Keep the text of the data exactly as it is and omit each picture from the copy.

((

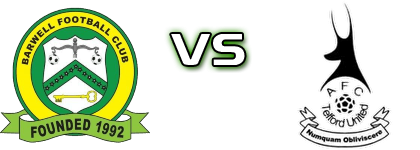 Barwell - Telford head to head game preview and prediction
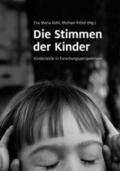 Kohl / Ritter |  Die Stimmen der Kinder | Buch |  Sack Fachmedien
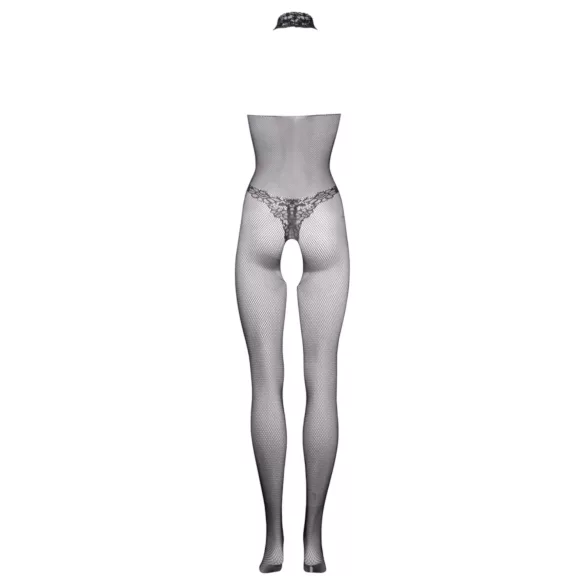 Le Désir - combinaison résille en dentelle (noir) - S-XL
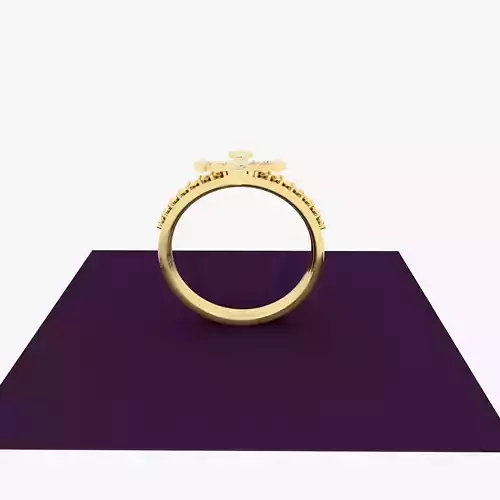 Golden Ring  3D print model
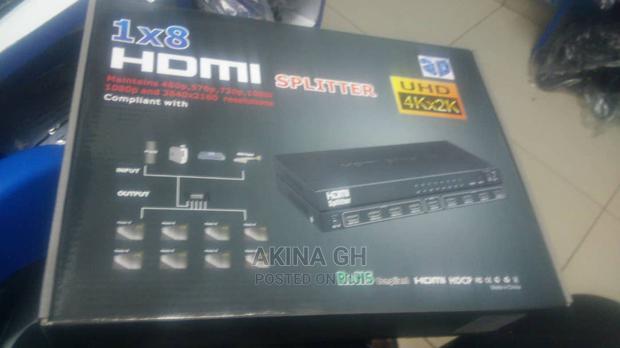HDMI Splitter 1×8 · Photo 1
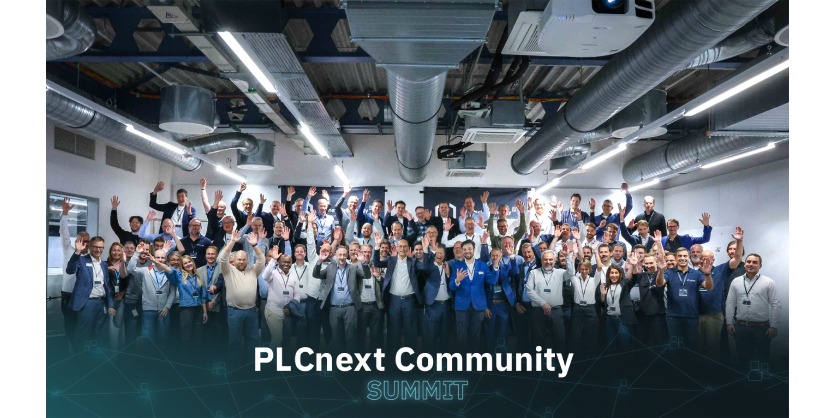 Summit Strengthens Community and Innovative Spirit in the PLCnext Technology Ecosystem
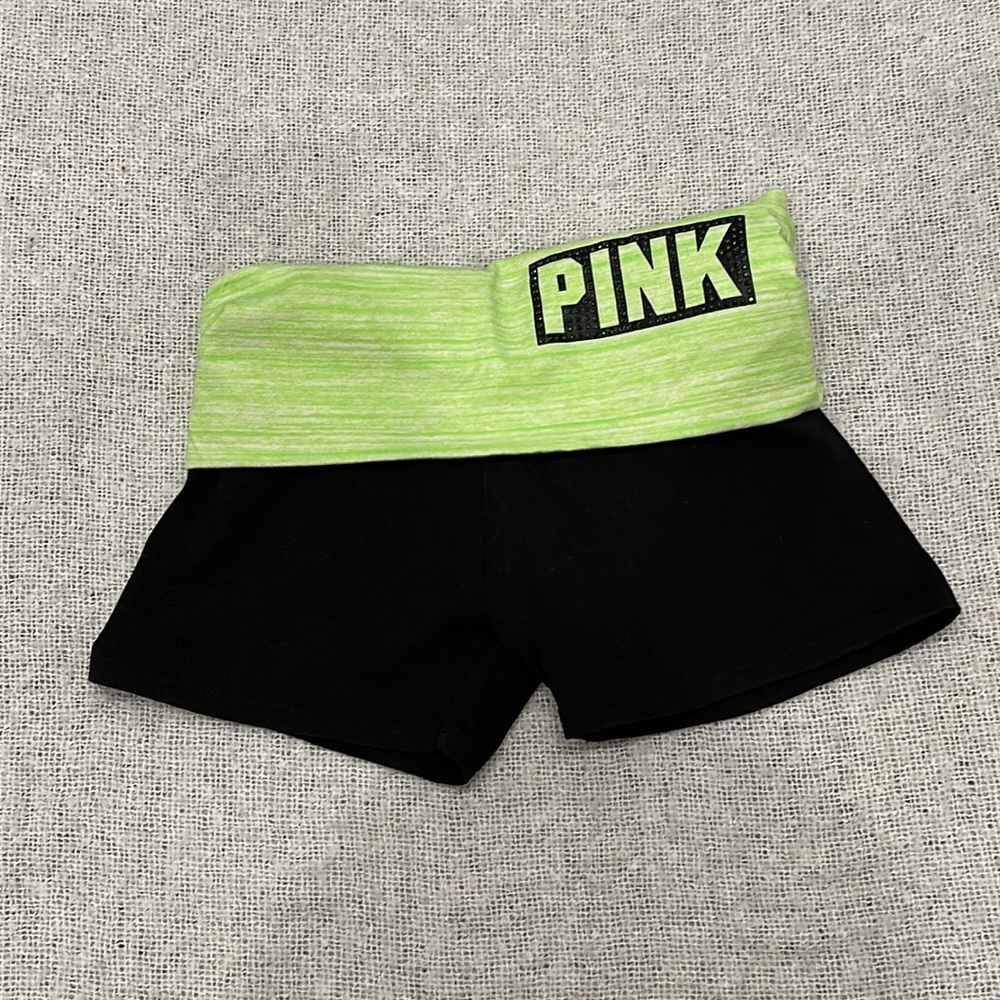VS PINK YOGA shorts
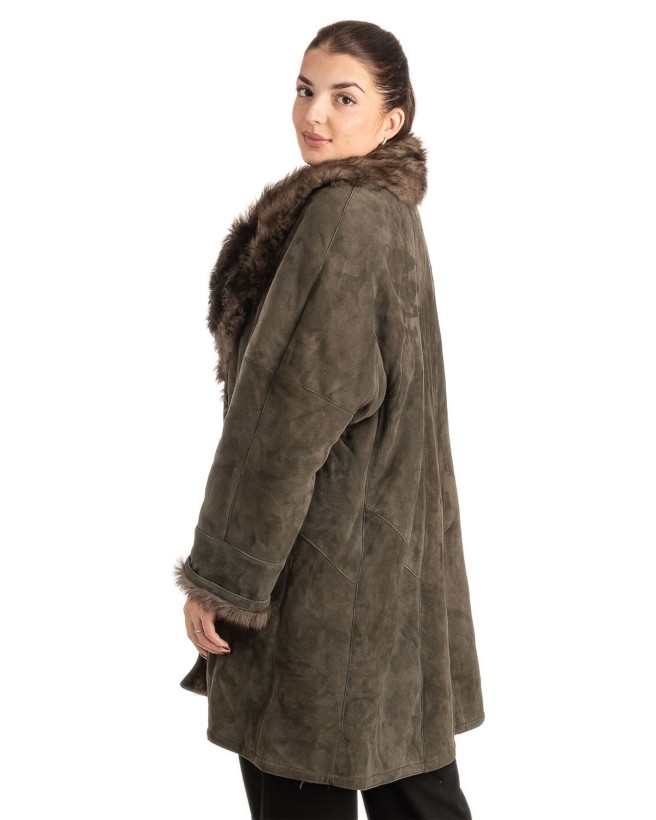 Γνήσιο Γυναικείο Μουτόν - T66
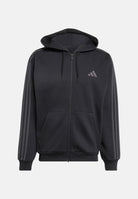 ADIDAS PERFORMANCE felpa con zip e cappuccio Black/Carbon nera da uomo. KY4140 . ADIDAS PERFORMANCE 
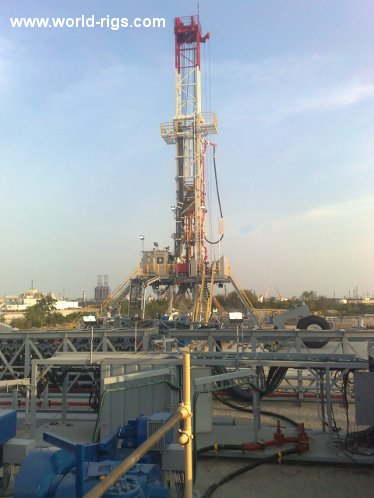 1000 HP ACVFD Drilling Rig for Sale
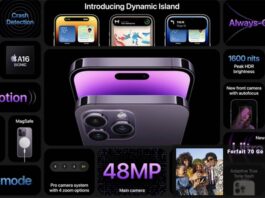 iphone 14 pro 6 go ram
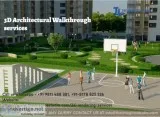 3d architectural walkthrough services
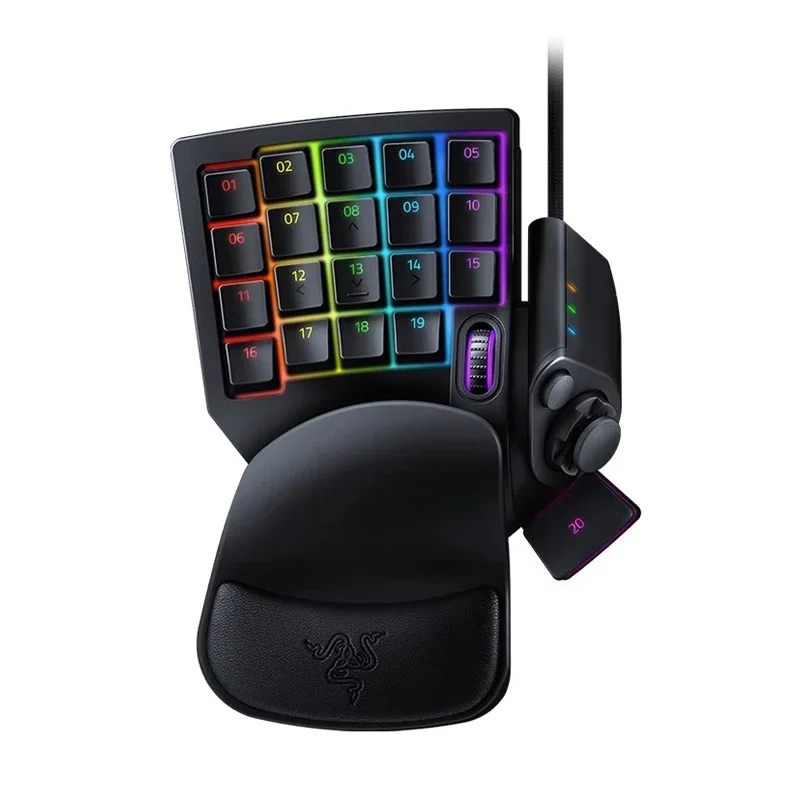 

Razer Talos Magic Scorpion V2 Magic Edition single hand esports game non-mechanical keyboard left hand programmable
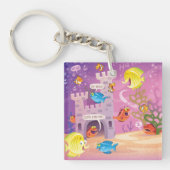 Porte-clés Temps vers Compte-Sous la mer (Devant)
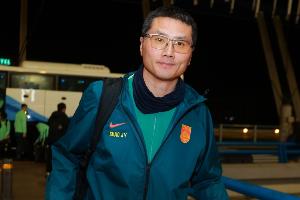 邵佳一本周赴部分中超赛区考察国脚,随后前往沙特参加亚洲杯抽签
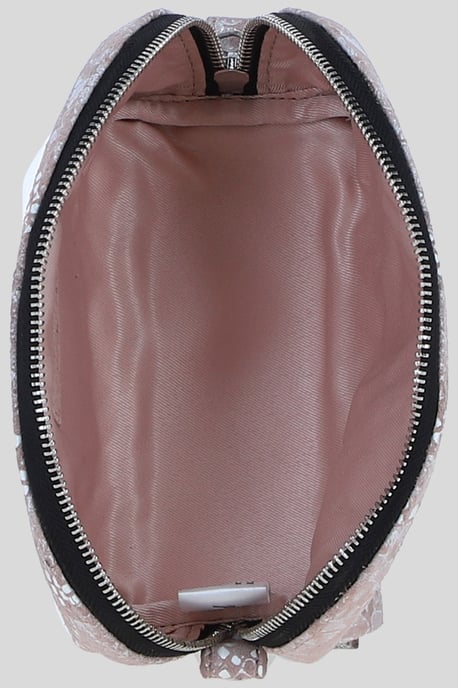 'Philippa' Real Leather Makeup Bag - Image 4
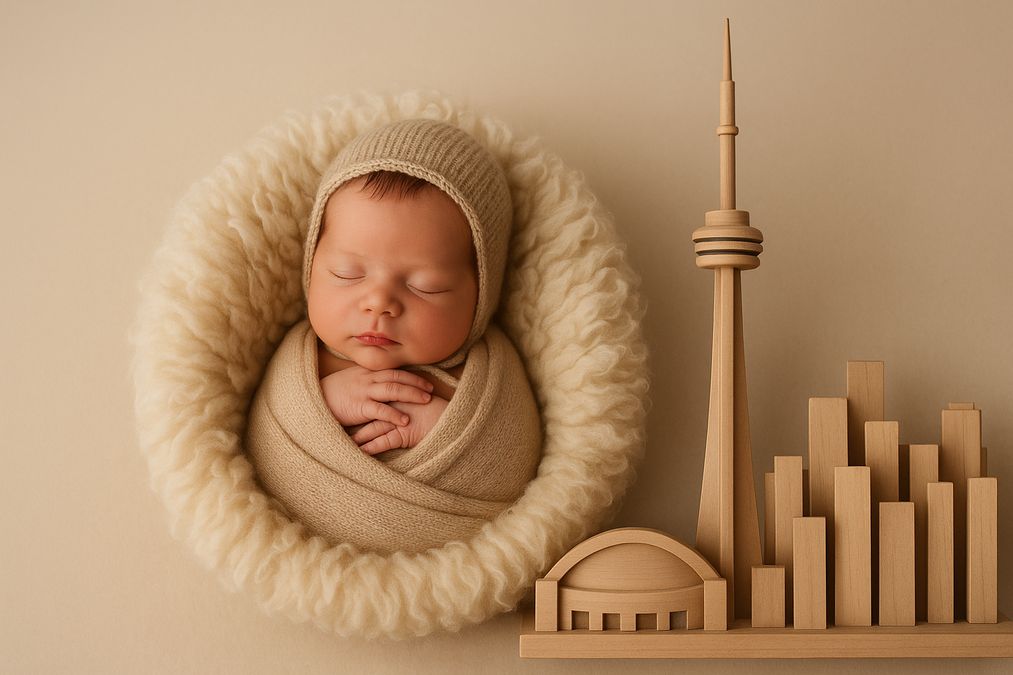 Unique Newborn Photography Concepts in Toronto 2026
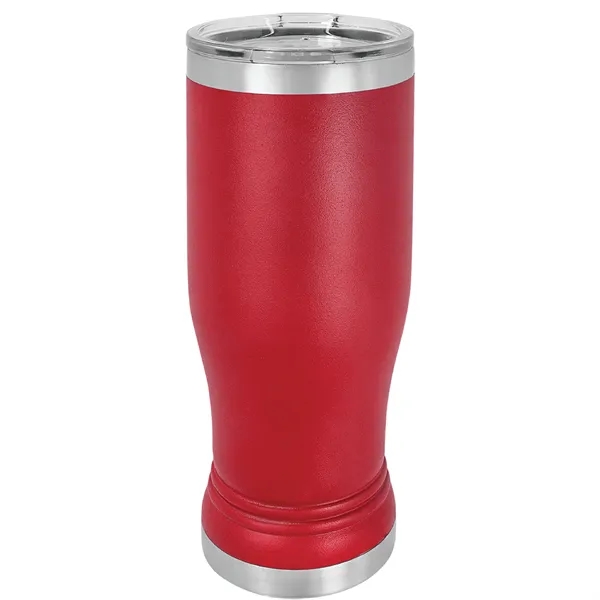 Polar Camel double-wall vacuum-insulated stainless steel 14 ounce pilsner-style tumbler with... from ASI 74601 Calico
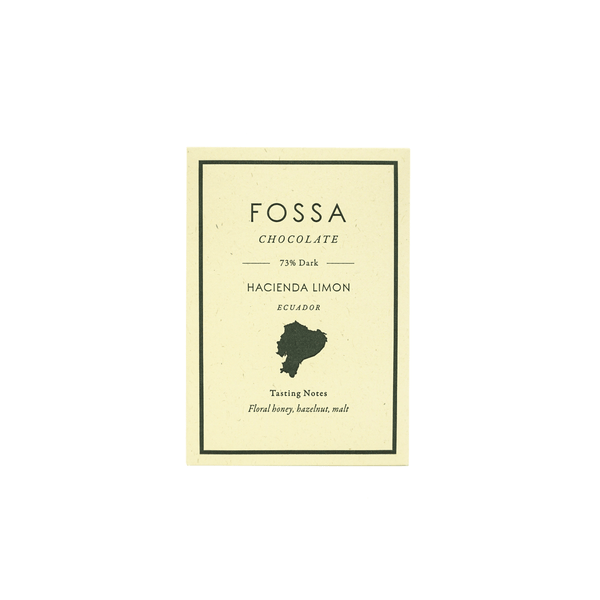 Ecuador - Hacienda Limon 73% Dark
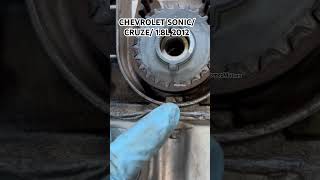 COMO PONER A TIEMPO MOTOR CHEVROLET SONICCRUZEAVEOTRAX 18L 2012 [upl. by Jania756]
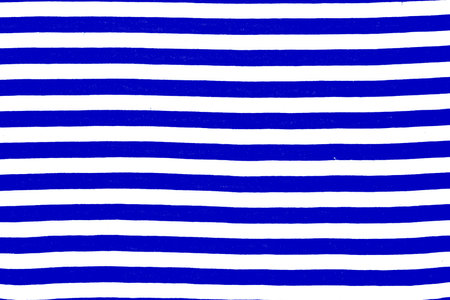 Blue and white stripes on white background. Seamless pattern.の写真素材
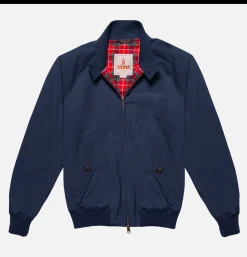 BARACUTA Blouson Harrington G9 Navy< Vestes
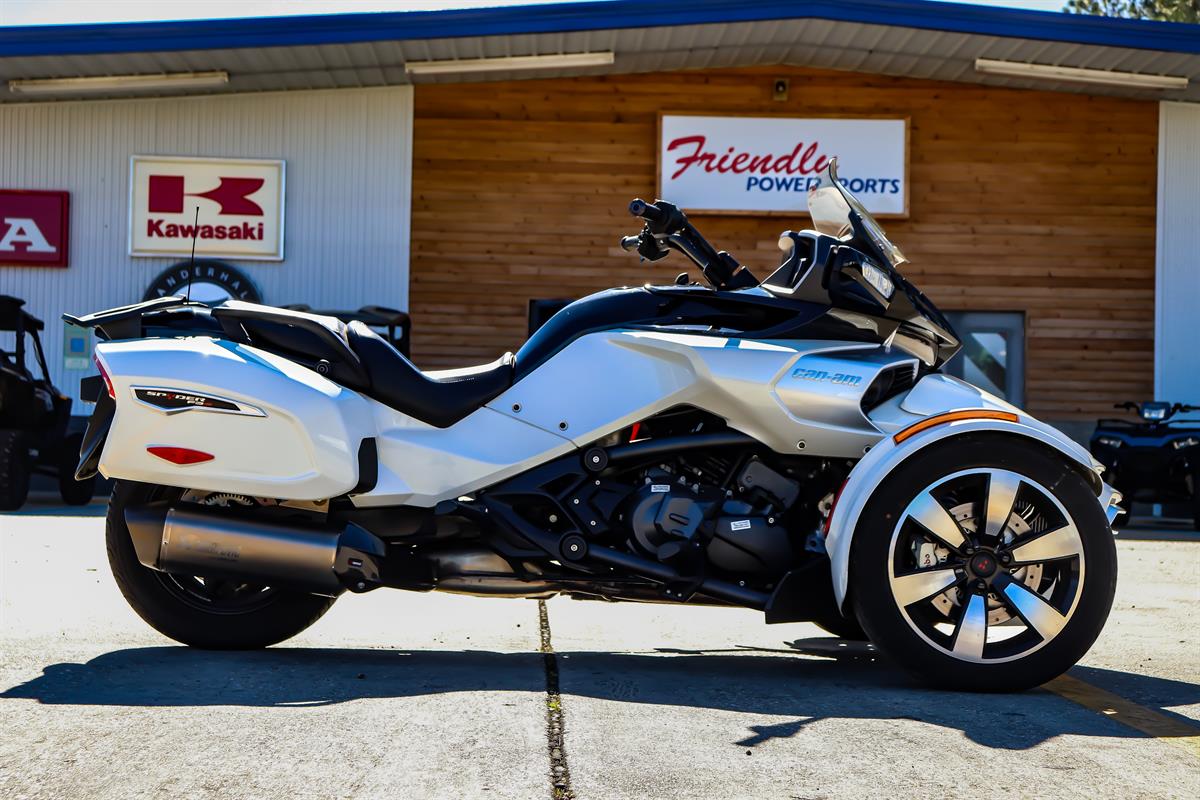 2017 Can-Am Spyder F3-T SE6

))

■ Response to this task:
 Barwell - Telford head to head game preview and prediction
 Kohl / Ritter |  Die Stimmen der Kinder | Buch |  Sack Fachmedien
 Le Désir - combinaison résille en dentelle (noir) - S-XL
 Golden Ring  3D print model
HDMI Splitter 1×8 · Photo 1
 Summit Strengthens Community and Innovative Spirit in the PLCnext Technology Ecosystem
VS PINK YOGA shorts
 Γνήσιο Γυναικείο Μουτόν - T66
 ADIDAS PERFORMANCE felpa con zip e cappuccio Black/Carbon nera da uomo. KY4140 . ADIDAS PERFORMANCE 
 1000 HP ACVFD Drilling Rig for Sale
 iphone 14 pro 6 go ram
 3d architectural walkthrough services

Razer Talos Magic Scorpion V2 Magic Edition single hand esports game non-mechanical keyboard left hand programmable
 Porte-clés Temps vers Compte-Sous la mer (Devant)
 邵佳一本周赴部分中超赛区考察国脚,随后前往沙特参加亚洲杯抽签
 'Philippa' Real Leather Makeup Bag - Image 4
 Unique Newborn Photography Concepts in Toronto 2026
 Polar Camel double-wall vacuum-insulated stainless steel 14 ounce pilsner-style tumbler with... from ASI 74601 Calico
 Ecuador - Hacienda Limon 73% Dark
 COMO PONER A TIEMPO MOTOR CHEVROLET SONICCRUZEAVEOTRAX 18L 2012 [upl. by Jania756]
 Blue and white stripes on white background. Seamless pattern.の写真素材
 BARACUTA Blouson Harrington G9 Navy< Vestes
 2017 Can-Am Spyder F3-T SE6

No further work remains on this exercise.